WHAT IS REQUIRED ▸ Identify the line with "Siyam Kedisi, Kedi"; copy word for word that line and every one after it, to the end of the listing. Exclude pictures.

PROVIDED DATA section start

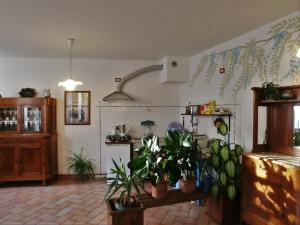 a room with potted plants on the wall at B&B Leon d'Oro in Pusiano +41 photos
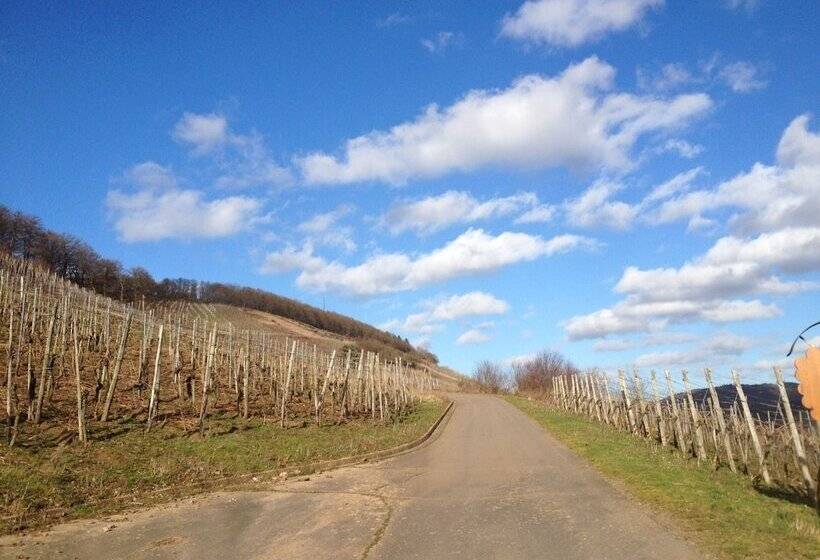 Отель Weingut Dehren
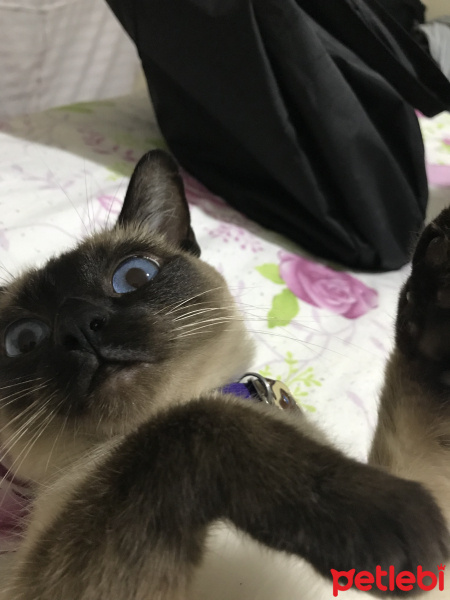Siyam Kedisi, Kedi  Lucy fotoğrafı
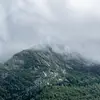 AveryMeadows - @averymeadows8 - TikTok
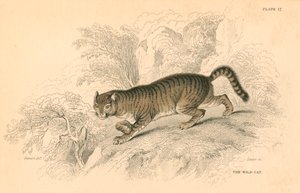Gatto selvatico europeo Felis silvestris, 1828 da Unbekannt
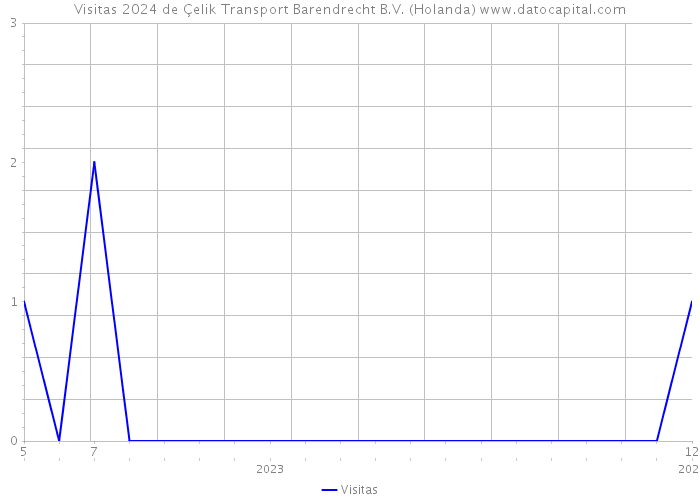 Visitas 2024 de Çelik Transport Barendrecht B.V. (Holanda)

PROVIDED DATA section end

ANSWER FOR THE TASK ▸
Siyam Kedisi, Kedi  Lucy fotoğrafı
 AveryMeadows - @averymeadows8 - TikTok
Gatto selvatico europeo Felis silvestris, 1828 da Unbekannt
 Visitas 2024 de Çelik Transport Barendrecht B.V. (Holanda)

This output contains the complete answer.